Esta vía afecta a las comunidades de los conjuntos residenciales Inter, La Coruña, Cielo Azul y de los barrios La Virginia, Puerto Espejo primera, segunda y tercera etapa, pero además a los 2.700 estudiantes de la institución educativa Ciudadela del Sur.
“Por si fuera poco, están las personas en condición de discapacidad, 180 miembros de la fuerza pública, residentes en La Coruña, donde el gobierno les entregó viviendas en contraprestación por las lesiones recibidas en ocasión del conflicto, es lamentable que tengan que hacer uso de las sillas de rueda o tener prótesis en las 2 piernas para andar sobre un terreno destapado y lleno de huecos, donde se está corriendo un riesgo permanente por las condiciones lamentables”, agregó.
La vía, según el líder comunal, en los 26 años que lleva viviendo en el barrio, jamás ha sido reparada y con el crecimiento urbano de la ciudad se ha notado más su necesidad.
“Cuando llueve esto se transforma en una piscina de agua estancada donde proliferan los mosquitos, cuando estamos en temporada seca es una sola polvareda, es decir, que se afecta salubridad, movilidad, medio ambiente y el desarrollo del sector porque no compensa el crecimiento urbanístico con el número de pobladores que viven en ese lugar”.

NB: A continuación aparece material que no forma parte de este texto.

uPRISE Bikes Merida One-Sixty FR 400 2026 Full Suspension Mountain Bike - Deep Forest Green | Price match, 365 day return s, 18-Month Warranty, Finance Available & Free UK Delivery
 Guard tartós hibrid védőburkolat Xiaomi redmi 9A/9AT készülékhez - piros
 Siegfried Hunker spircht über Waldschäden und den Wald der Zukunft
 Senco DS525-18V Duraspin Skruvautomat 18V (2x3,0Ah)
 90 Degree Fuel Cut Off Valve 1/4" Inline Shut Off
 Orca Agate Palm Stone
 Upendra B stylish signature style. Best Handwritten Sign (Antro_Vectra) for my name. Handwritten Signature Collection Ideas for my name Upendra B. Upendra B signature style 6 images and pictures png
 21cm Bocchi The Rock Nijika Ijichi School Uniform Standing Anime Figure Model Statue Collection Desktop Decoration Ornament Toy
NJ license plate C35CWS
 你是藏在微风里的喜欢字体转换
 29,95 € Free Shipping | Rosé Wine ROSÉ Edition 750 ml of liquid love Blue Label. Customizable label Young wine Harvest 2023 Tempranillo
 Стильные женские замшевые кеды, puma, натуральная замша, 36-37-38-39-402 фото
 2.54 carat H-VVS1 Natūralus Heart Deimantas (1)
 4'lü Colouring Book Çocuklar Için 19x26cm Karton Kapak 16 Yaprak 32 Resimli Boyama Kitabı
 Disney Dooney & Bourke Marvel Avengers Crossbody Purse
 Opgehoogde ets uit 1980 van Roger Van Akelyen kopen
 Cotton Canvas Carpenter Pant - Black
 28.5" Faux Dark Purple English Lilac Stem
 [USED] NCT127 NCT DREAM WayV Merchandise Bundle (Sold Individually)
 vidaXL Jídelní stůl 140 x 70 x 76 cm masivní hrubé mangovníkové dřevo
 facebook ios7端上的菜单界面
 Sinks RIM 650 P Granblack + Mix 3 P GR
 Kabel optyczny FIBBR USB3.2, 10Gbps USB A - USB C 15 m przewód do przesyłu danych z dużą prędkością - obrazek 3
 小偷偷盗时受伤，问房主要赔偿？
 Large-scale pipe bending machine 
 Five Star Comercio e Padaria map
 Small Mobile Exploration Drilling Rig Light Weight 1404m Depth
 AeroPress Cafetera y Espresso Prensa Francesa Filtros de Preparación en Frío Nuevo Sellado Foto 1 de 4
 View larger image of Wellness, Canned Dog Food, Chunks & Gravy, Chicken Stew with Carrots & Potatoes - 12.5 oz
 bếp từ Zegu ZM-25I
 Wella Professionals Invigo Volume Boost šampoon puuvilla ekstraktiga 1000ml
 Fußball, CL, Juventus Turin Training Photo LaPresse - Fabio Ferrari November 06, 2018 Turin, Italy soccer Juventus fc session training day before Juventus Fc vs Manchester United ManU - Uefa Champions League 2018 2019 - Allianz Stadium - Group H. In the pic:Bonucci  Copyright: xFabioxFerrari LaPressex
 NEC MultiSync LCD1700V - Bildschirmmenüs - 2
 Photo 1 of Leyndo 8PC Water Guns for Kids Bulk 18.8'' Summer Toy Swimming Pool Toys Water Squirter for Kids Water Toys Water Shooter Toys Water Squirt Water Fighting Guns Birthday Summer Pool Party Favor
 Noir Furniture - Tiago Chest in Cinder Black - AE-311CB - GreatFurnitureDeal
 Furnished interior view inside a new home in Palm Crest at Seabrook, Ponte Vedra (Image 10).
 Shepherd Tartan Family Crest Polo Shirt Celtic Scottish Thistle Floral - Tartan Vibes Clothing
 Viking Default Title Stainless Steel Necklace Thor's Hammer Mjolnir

En el año 2013, durante el gobierno de Luz Piedad Valencia Franco, los líderes de la zona aprovecharon una visita de la alcaldesa con su equipo de trabajo —todo el gabinete— para exponerle 7 necesidades, entre ellas, el arreglo de la vía y un daño del alcantarillado en límites con el colegio, pero ninguna de las situaciones fue atendida, el abandono provocó que en 2017 las aguas negras inundaran las instalaciones del plantel educativo.
Falta de gobernanza
Según el líder comunitario, el alcalde Ríos Morales mostró interés en el asunto y había planteado una reunión con la comunidad, pero luego llegó la pandemia y su suspensión. “Con esta administración se ha intentado, pero no hemos recibido ninguna respuesta”.